EXERCISE DATA
=== Begin Enclosure ===
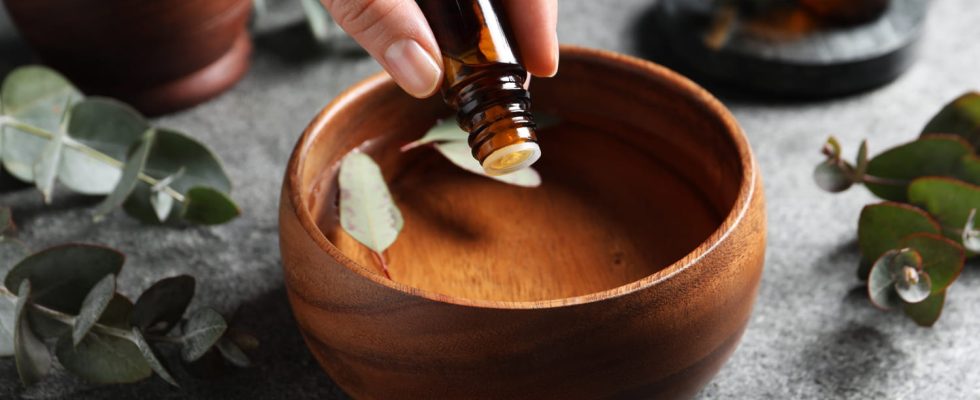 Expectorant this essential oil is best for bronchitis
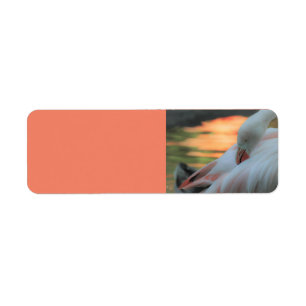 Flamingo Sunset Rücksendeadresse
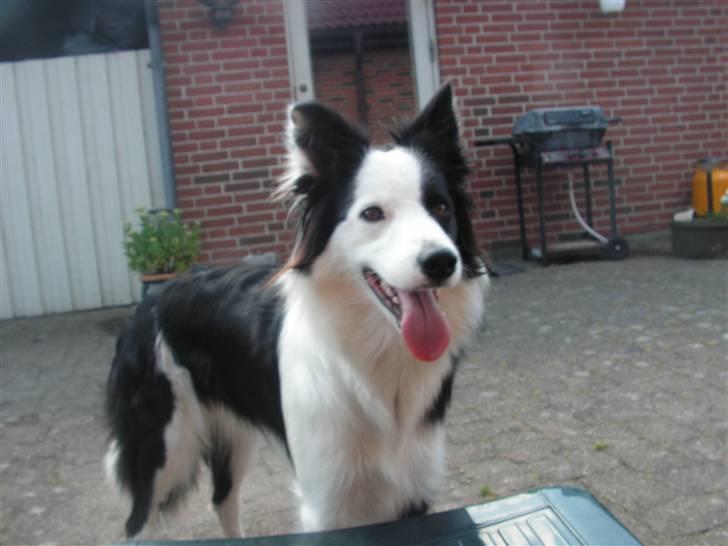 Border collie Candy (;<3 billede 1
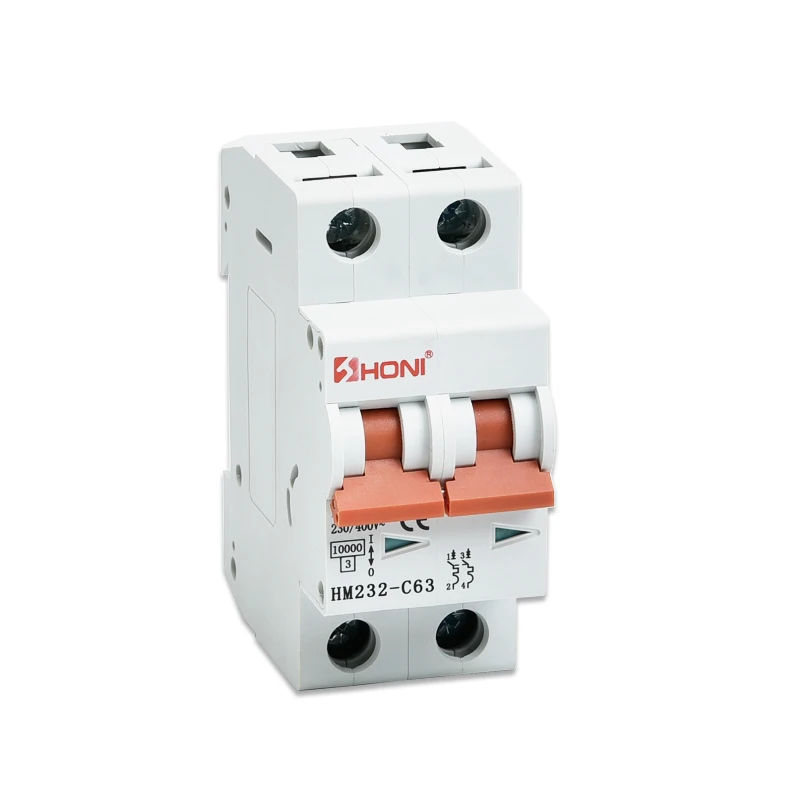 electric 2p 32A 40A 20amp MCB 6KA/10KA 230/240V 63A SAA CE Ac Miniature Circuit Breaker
=== End Enclosure ===
WHAT IS BEING ASKED
Pictures in the listing above must be skipped; everything else should be copied exactly.

RESPONSE TO THIS TASK
 Expectorant this essential oil is best for bronchitis
 Flamingo Sunset Rücksendeadresse
 Border collie Candy (;<3 billede 1
 electric 2p 32A 40A 20amp MCB 6KA/10KA 230/240V 63A SAA CE Ac Miniature Circuit Breaker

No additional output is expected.